### SUPPLIED ENTRIES
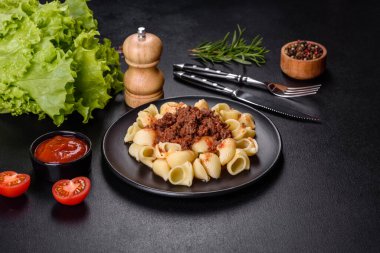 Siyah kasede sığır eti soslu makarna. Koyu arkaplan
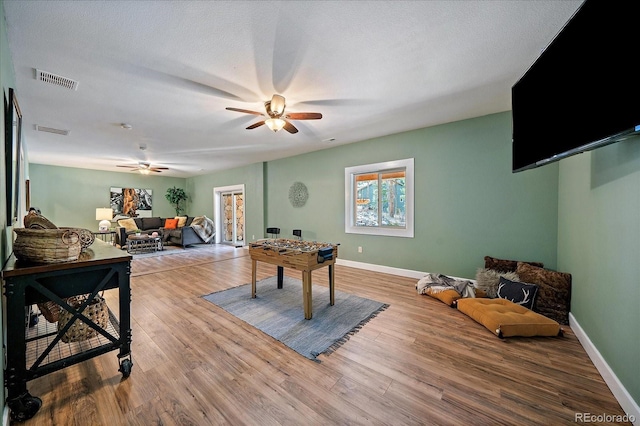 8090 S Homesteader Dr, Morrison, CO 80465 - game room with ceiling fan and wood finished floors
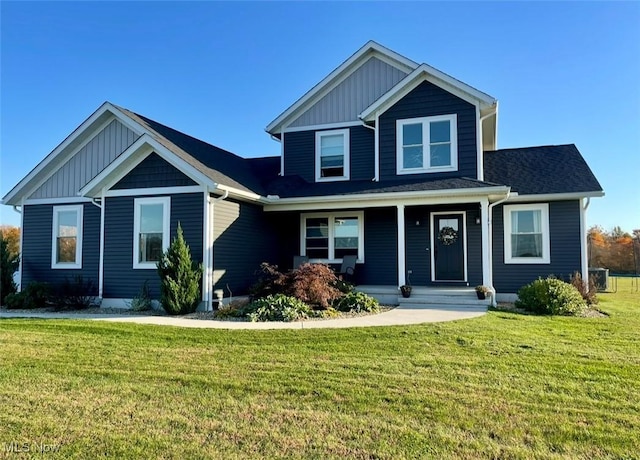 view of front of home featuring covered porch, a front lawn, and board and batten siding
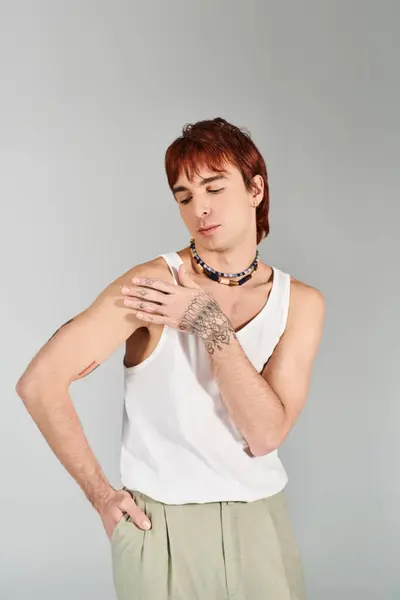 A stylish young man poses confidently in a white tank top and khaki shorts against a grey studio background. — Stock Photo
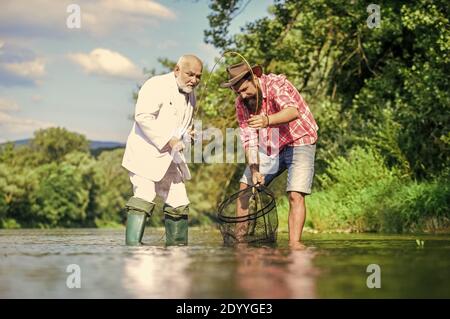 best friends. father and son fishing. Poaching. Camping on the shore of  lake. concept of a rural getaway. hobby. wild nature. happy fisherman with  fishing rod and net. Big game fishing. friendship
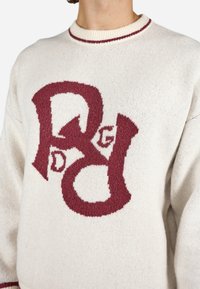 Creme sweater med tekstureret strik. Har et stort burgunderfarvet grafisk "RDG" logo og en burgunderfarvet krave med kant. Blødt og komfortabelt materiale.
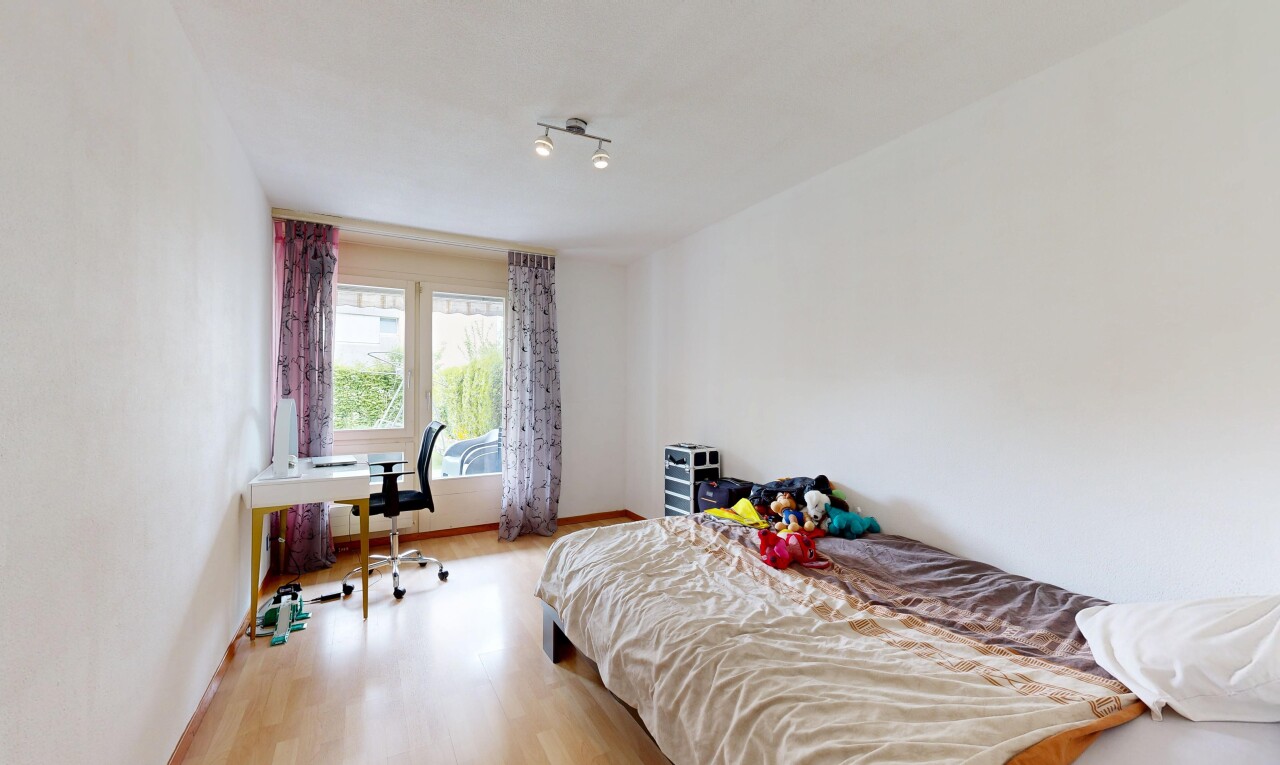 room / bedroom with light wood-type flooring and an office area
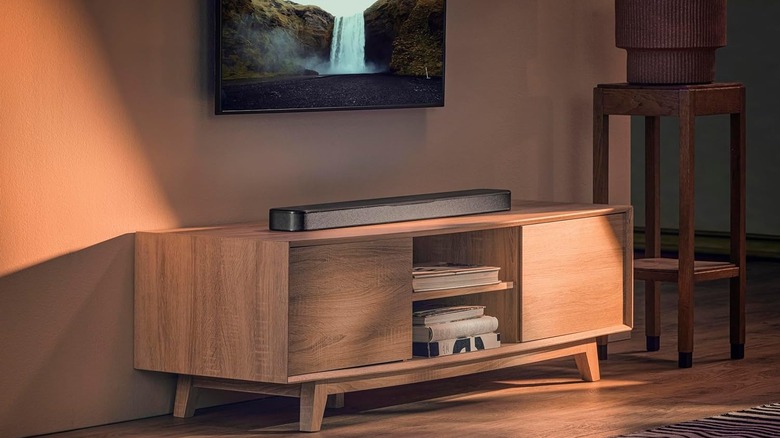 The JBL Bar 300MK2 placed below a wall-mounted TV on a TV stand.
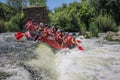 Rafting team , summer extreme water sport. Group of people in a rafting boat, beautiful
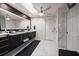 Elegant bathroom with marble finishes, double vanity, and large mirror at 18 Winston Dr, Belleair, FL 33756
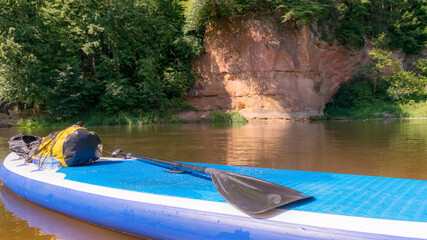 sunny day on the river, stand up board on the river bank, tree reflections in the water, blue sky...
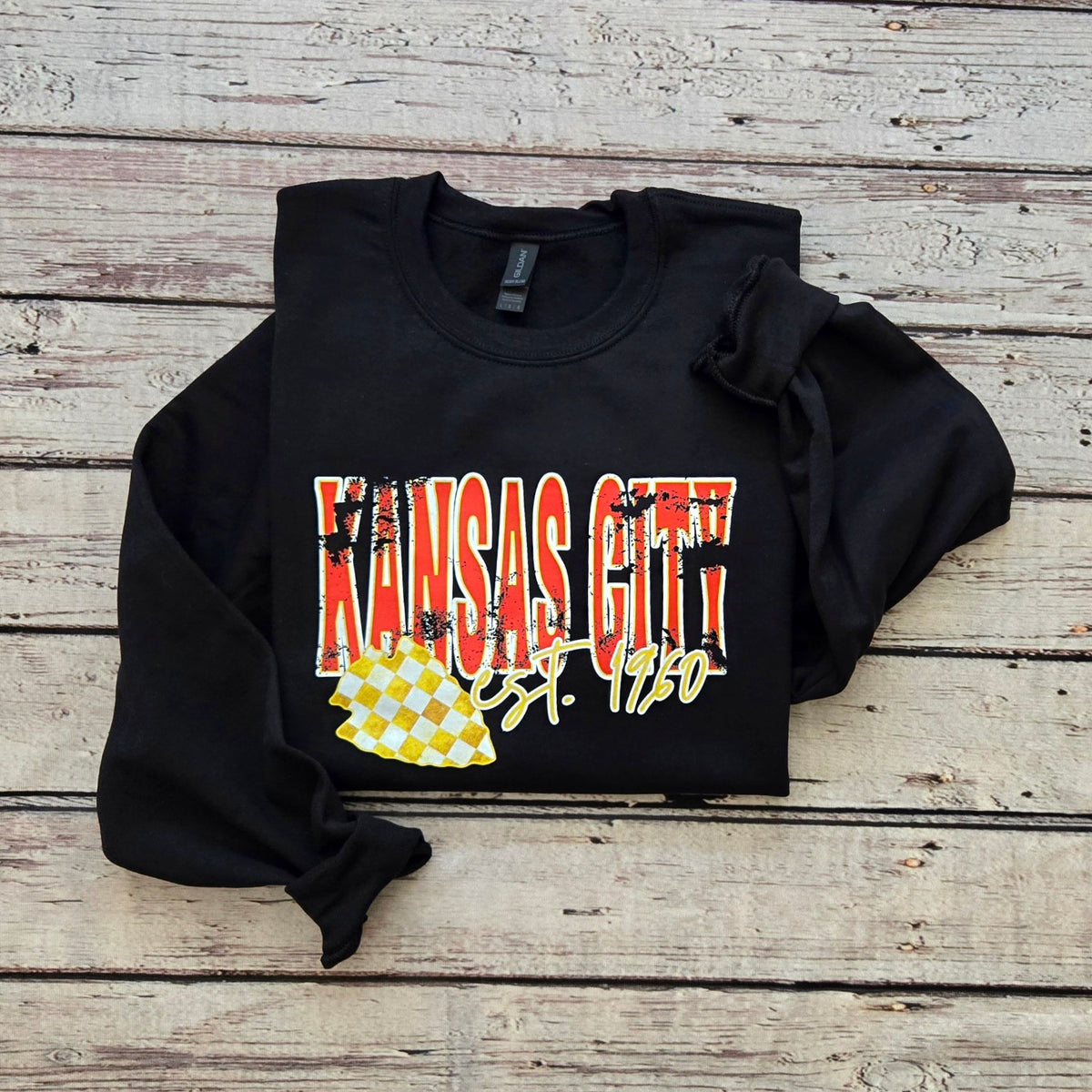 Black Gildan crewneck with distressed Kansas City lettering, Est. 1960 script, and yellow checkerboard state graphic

==

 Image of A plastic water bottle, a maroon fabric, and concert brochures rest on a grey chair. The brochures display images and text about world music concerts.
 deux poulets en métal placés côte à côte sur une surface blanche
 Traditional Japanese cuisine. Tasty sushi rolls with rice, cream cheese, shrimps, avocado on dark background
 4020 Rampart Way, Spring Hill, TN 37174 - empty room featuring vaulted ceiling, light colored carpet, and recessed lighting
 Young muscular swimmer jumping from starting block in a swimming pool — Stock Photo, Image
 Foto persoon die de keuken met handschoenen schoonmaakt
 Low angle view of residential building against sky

### YOUR ASSIGNMENT
Would you output the lines above from the line holding "A stylish young" up to and including the line holding "best friends. father", exactly and only those, with no pictures?

### RESPONSE TO THE TASK
 A stylish young man poses confidently in a white tank top and khaki shorts against a grey studio background. — Stock Photo
 best friends. father and son fishing. Poaching. Camping on the shore of  lake. concept of a rural getaway. hobby. wild nature. happy fisherman with  fishing rod and net. Big game fishing. friendship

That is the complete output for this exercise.